Re: VCS comparison table

Carl Worth <cworth@xxxxxxxxxx> · Fri, 20 Oct 2006 14:48:52 -0700

On Thu, 19 Oct 2006 21:06:40 -0400, Aaron Bentley wrote:
> I understand your argument now.

Well, I'm glad to know we each feel like we are communicating at
times, here.

>                                  It's nothing to do with numbers per se,
> and all about per-branch namespaces.  Correct?

The entire discussion is about how to name things in a distributed
system. The premise that Linus has put forth in a very compelling way,
is that attempting to use sequential numbers for names in a
distributed system will break down. The breakdown could be that the
names are not stable, or that the system is used in a centralized way
to avoid the instability of the names.

Now, that causality might not accurately describe the way bzr has
developed. It may be that the centralization bias was determined by
other reasons, and that given those, using sequential numbers for
names makes perfect sense.

But it really is fundamental and unavoidable that sequential numbers
don't work as names in a distributed version control system.

> I meant that the active branch and a mirror of the abandoned branch
> could be stored in the same repository, for ease of access.

Granted, everything can be stored in one repository. But that still
doesn't change what I was trying to say with my example. One of the
repositories would "win" (the names it published during the fork would
still be valid). And the other repository would "lose" (the names it
published would be not valid anymore). Right?

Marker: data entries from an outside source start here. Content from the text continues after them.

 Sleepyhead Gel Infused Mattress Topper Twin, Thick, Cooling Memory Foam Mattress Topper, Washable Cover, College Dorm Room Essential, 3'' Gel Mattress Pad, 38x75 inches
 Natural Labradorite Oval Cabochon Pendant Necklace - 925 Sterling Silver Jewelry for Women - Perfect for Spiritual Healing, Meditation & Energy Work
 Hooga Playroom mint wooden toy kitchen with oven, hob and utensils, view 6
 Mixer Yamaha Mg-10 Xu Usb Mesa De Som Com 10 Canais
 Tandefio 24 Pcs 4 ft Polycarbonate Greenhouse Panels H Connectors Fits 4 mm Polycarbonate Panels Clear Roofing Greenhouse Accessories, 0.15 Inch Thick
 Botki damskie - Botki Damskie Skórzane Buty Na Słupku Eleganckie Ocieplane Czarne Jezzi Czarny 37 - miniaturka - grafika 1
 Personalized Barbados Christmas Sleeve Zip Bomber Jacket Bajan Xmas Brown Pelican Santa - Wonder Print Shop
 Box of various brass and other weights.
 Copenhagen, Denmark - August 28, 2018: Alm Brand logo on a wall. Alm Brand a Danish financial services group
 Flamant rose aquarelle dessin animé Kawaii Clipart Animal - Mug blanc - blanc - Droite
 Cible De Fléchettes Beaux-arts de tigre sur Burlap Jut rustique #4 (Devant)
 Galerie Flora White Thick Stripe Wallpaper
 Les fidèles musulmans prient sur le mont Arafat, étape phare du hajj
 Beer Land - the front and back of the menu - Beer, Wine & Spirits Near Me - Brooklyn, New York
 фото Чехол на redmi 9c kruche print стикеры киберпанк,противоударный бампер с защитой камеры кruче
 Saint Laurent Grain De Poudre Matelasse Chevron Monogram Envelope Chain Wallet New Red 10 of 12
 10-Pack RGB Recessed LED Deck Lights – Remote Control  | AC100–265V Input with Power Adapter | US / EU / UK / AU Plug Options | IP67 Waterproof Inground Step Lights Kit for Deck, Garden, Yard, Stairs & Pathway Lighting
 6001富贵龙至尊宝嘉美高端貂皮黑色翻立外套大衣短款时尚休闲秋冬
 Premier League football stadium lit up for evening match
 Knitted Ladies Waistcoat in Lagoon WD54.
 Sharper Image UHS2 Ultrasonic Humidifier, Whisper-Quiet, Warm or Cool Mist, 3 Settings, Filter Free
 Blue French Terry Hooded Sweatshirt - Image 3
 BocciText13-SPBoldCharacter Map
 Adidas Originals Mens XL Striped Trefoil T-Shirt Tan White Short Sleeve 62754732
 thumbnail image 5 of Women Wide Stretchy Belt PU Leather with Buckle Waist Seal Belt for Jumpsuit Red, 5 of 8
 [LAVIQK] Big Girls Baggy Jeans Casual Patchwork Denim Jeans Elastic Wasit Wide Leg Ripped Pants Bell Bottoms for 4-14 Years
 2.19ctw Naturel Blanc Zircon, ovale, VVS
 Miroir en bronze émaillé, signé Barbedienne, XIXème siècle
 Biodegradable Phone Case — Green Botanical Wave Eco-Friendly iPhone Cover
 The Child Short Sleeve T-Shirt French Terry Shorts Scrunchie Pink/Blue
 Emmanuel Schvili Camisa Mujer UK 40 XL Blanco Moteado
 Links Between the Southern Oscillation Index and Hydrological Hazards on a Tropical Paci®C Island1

Now, maybe there's some "simple" mapping from old names to new names
for the losing repository, (something like adding a prefix of
"losers/" to the beginning of the names or something or adding a "15."
prefix or whatever). The point is that the old names are
invalidated. And there's no way to guarantee this kind of change won't
happen in the future, (no matter how old a project is).

I constructed that example to show that the naming has a social impact
in forcing a distinction between winners and losers in the merge, (or
mainline and side branch, or whatever you want to name the
distinction). The two re-joining projects could be really amiable,
create a new virgin mainline and treat both histories as side
branches. In this version, everyone loses as all the old names are
invalidated.

> Bazaar encourages you to stick lots and lots of branches in your
> repository.  They don't even have to be related.  For example, my repo
> contains branches of bzr, bzrtools, Meld, and BazaarInspect.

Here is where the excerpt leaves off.